In under-resourced countries, these difficulties are compounded by the high burden of infectious diseases such as malaria, human immunodeficiency virus infection/acquired immune deficiency syndrome (HIV/AIDS), tuberculosis and neglected tropical diseases such as schistosomiasis and helminthiasis. There are also additional pressures from external agencies such as donors, funders and research projects which may not align closely with local public health priorities. Parasitological diagnosis is now recommended for all suspected cases of malaria to prevent overdiagnosis and reduce inappropriate use of antimalarial drugs. World Health Organisation (WHO) guidelines state that malaria treatment based on clinical grounds should only be given if diagnostic testing is not immediately accessible within 2 h of patients presenting for treatment. In higher level or specialised treatment centres, the diagnosis of leishmaniasis may require aspiration of bone marrow or splenic pulp. The diagnosis of tuberculosis may require aspiration and culture of bone marrow and trephine biopsy examination, especially in patients who are HIV positive, in whom sputum tests for acid-fast organisms are frequently negative. The decision to initiate antiretroviral therapy, to switch to second-line drugs and the monitoring of therapy require regular haemoglobin concentration (Hb) measurements, CD4-positive lymphocyte counts (or percentages for paediatric care) and, ideally, plasma viral load determinations (HIV ribonucleic acid (RNA) monitoring), although provision of some of these tests is challenging for low-income countries. ,
The purpose of this chapter is to provide guidance for an effective haematology service at the different levels of the healthcare system in resource-limited countries. In planning such services, it is necessary to determine what tests are needed at each level, to ensure that tests are reliable and accurate and to establish effective referral networks for patients and samples. In some cases this may involve regional and international partnerships if resources for quality diagnoses are not available in-country.
Organisation of clinical laboratory services
In under-resourced countries clinical laboratory services may be considered at four levels according to size, staffing and services offered. These levels are: primary facilities, including subdistrict hospitals and health centres (Level 1); intermediate facilities, including district and county hospitals (Level 2); regional and provincial hospitals (Level 3); and national referral and teaching hospitals (Level 4) ( Fig. 26-1 ).

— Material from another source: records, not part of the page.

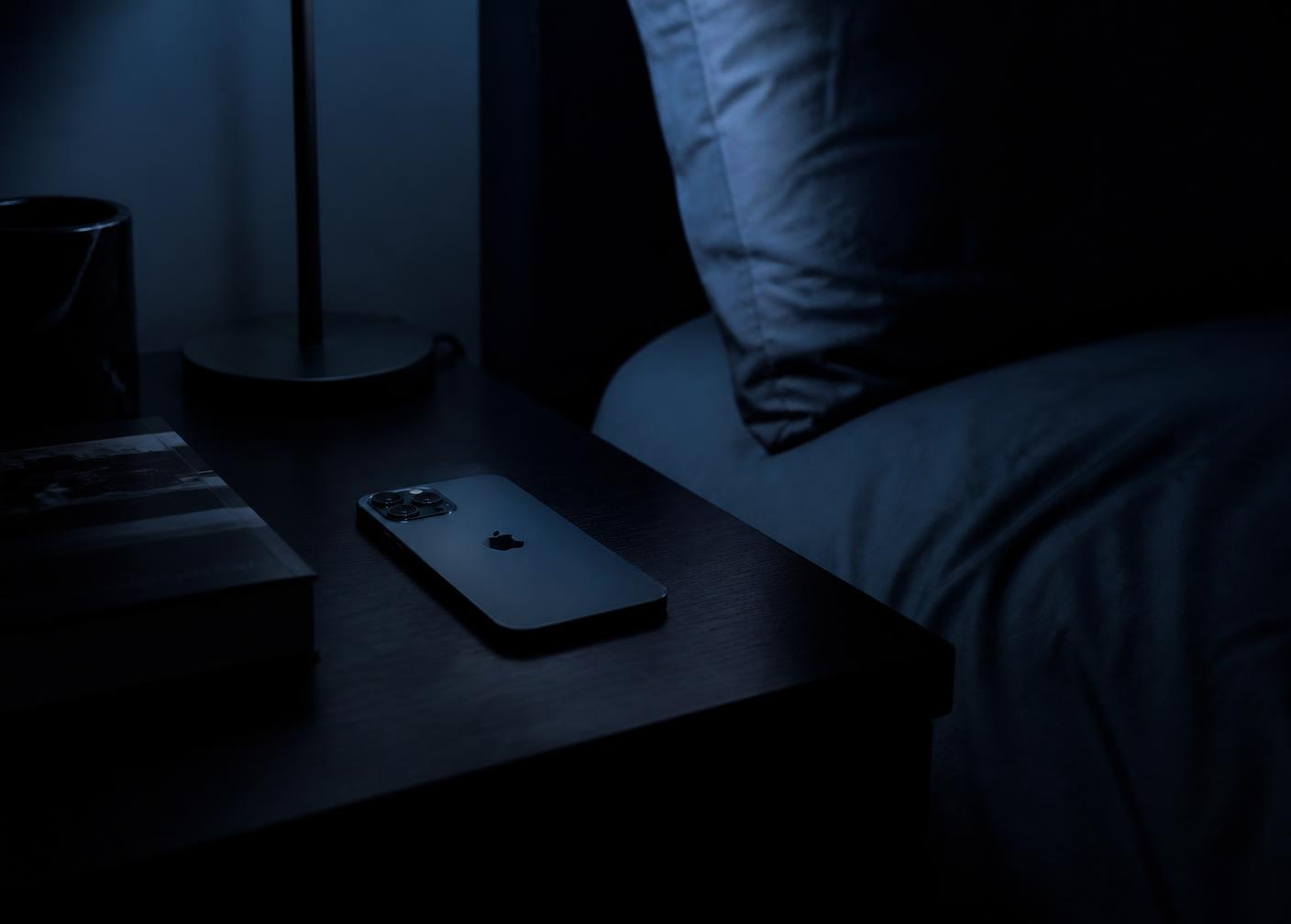 A phone resting on a nightstand beside a bed at night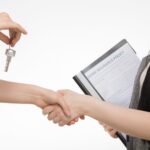 A real estate transaction with a handshake and key exchange, highlighting a home insurance document.
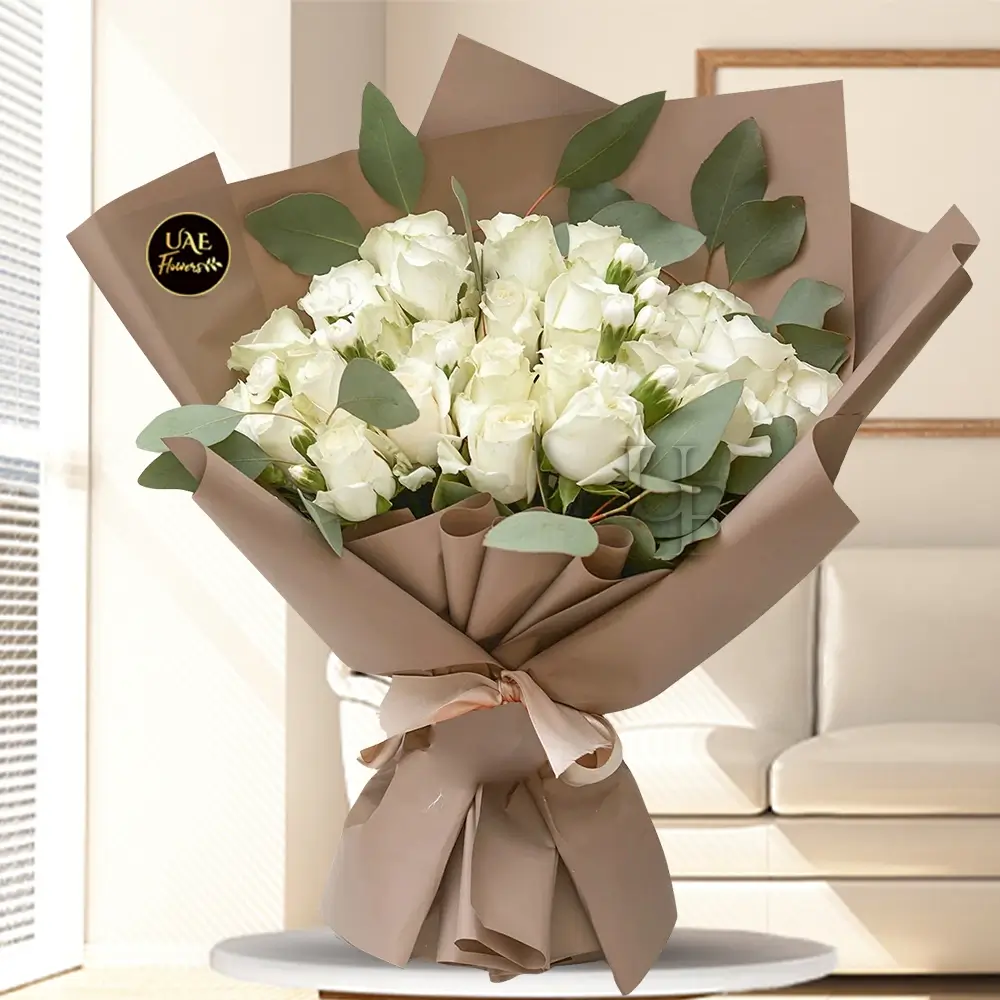 Bouquet of 20 stems of white roses with green fillers in nice wrapping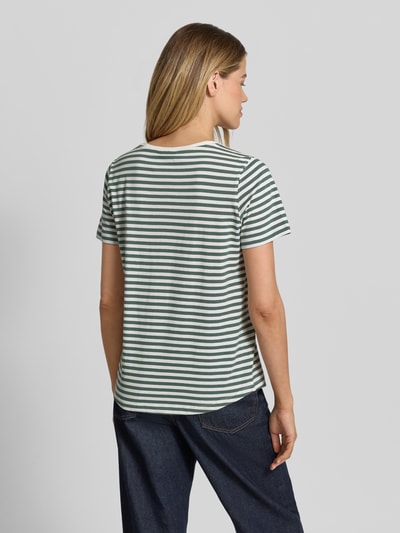 Frauenmodel trägt T-Shirt mit Motiv-Stitching und Rundhalsausschnitt von FREE/QUENT, weiße und grüne Streifen, Ganzkörperansicht Rückansicht.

Level 1: primary and subdistrict laboratories
Level 1 laboratories provide first-line diagnostic services to support patient management decisions, initial public health investigations and specimen referral. Laboratory staff may comprise one or two qualified laboratory technicians supported by assistants who often have little or no formal training but have learnt various techniques at the bench. In very peripheral settings, there may be no formal laboratory, and some point-of-care tests are carried out by nurses or assistants with limited training. There is increasing availability of point-of-care diagnostics for an expanding repertoire of conditions, which while enabling more patients to access diagnostic tests, requires adherence to standards to ensure test quality, satisfactory operator performance and correct use of results for patient treatment. This ‘task shifting’ may be an increased burden for already overworked staff and requires intensive supervision and quality monitoring. Maintenance of equipment in rural areas is often difficult, which can significantly compromise the quality of results or interrupt services altogether. Haematology laboratory tests at this level generally include a method for measuring Hb; microscopy for malaria and other blood parasites, blood cell morphology; and HIV and sickle cell screening.

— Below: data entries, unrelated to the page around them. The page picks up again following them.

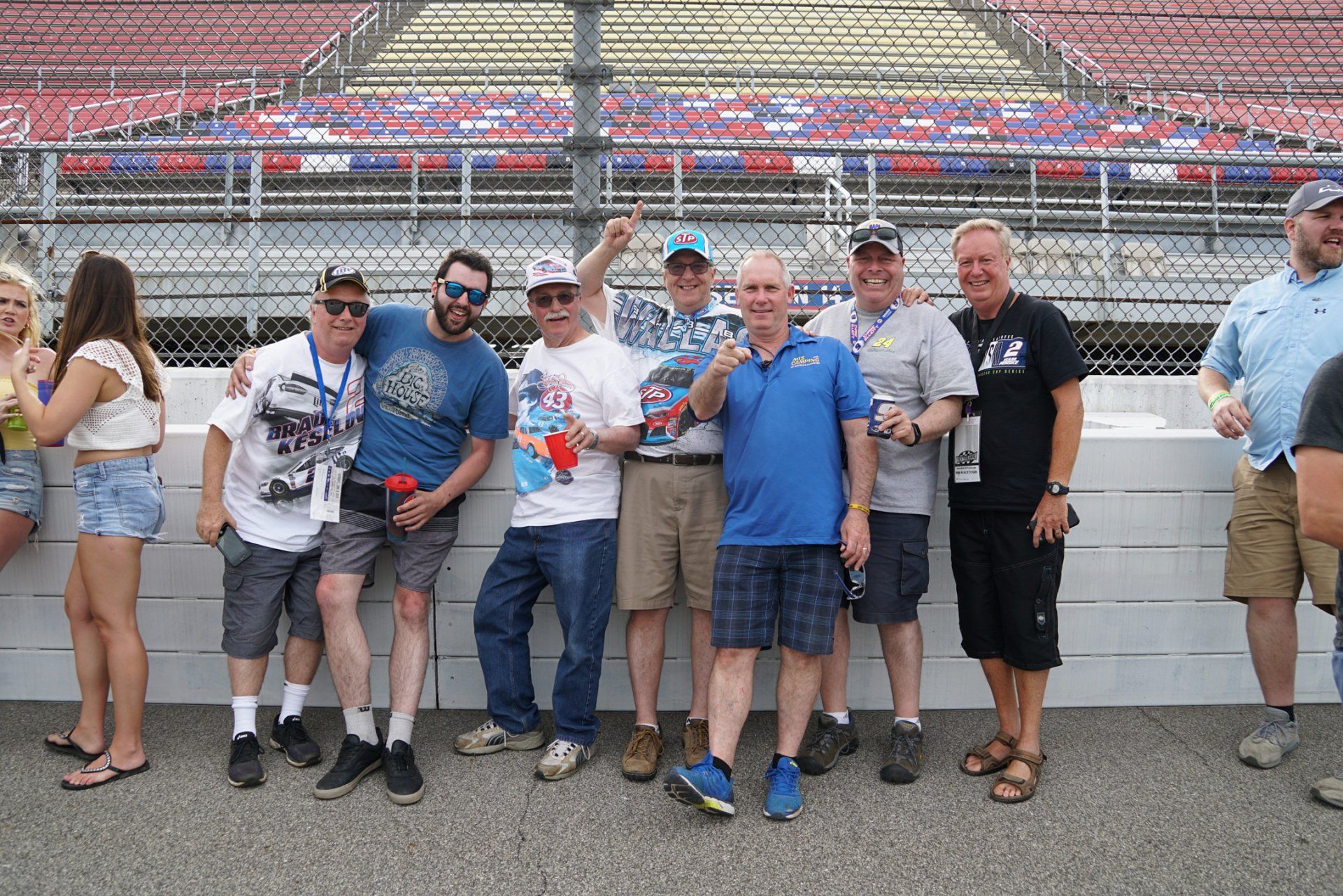 A group of people are posing for a picture on a race track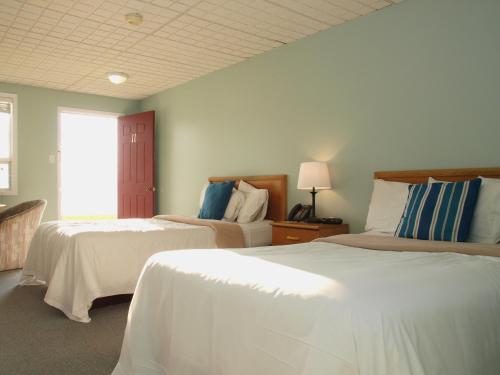 a bedroom with two beds and a window at Sands on Golden Lake in Golden Lake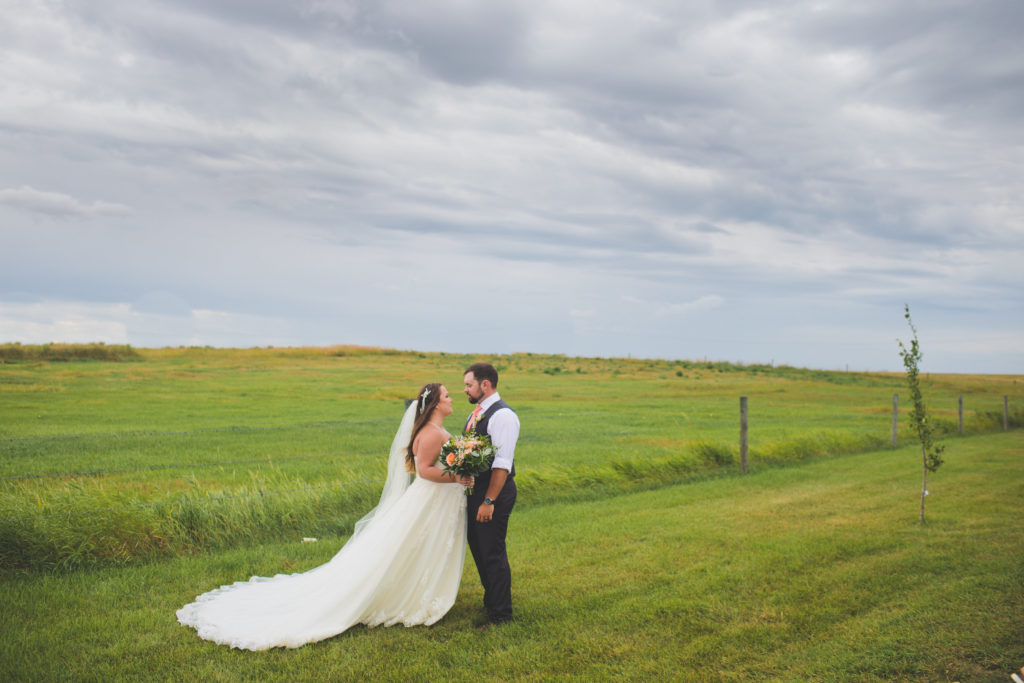 couple standing in a green prairie field with overcast skies in the background. Touches of vibrant coral and peach tones make the bouquet stand out against the brides dress on this rainy day. The Gathered in Kathyrn, Alberta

Level 2: intermediate (district) level laboratories
Intermediate level laboratories are usually multipurpose, and perform microbiological and biochemical as well as haematological tests. Laboratory staff may comprise a limited number of qualified laboratory technicians or biomedical scientists. Equipment available for haematology may include a microscope, centrifuge and basic colorimeter for measurement of Hb. In some intermediate laboratories more sophisticated equipment such as automated haematology and clinical chemistry analysers are available, but long-term sustainability requires funding for regular servicing and maintenance at the time of procurement and installation and purchase of appropriate reagents. In the absence of access to a national blood service, intermediate hospital laboratories are responsible for blood transfusion services with the laboratory expected to perform blood grouping and crossmatching as well as screening for HIV, hepatitis B virus (HBV), hepatitis C virus (HCV) and syphilis.
Level 3: regional and provincial hospitals
At this level, laboratory staff have usually received multidisciplinary training and specialist laboratory staff are available. Level 3 laboratories are usually multipurpose, performing microbiological, biochemical and haematological tests, as well as some more specialised tests. Automated haematology and chemistry equipment, and tests such as CD4-positive lymphocyte counting and coagulation tests are available.
Level 4: national referral and teaching hospitals
At this level, laboratory staff have usually received multidisciplinary training and some of the senior staff have received postgraduate training in a specialist laboratory discipline. Each laboratory usually has a specialist technical head who works closely with the clinician responsible for laboratory services. Equipment generally available includes centrifuges, colorimeters, microscopes, haemoglobin electrophoresis equipment, automated haematology and clinical chemistry and blood grouping and crossmatching analysers, and possibly high performance liquid chromatography and blood bank centrifuges for the separation of blood components.
Availability of haematology tests at each level
In under-resourced countries, haematology tests available at the different levels of healthcare vary widely and depend on local clinical and public health needs as well as availability of equipment and qualified technical laboratory personnel. The following is a general description of the haematology-related tests that are likely to be required at each level.
Hb measurement by a manual method (see p. 22)
Malaria and other blood parasite testing on thick and thin peripheral blood films (see p. 101) or rapid malaria diagnostic test (see p. 102)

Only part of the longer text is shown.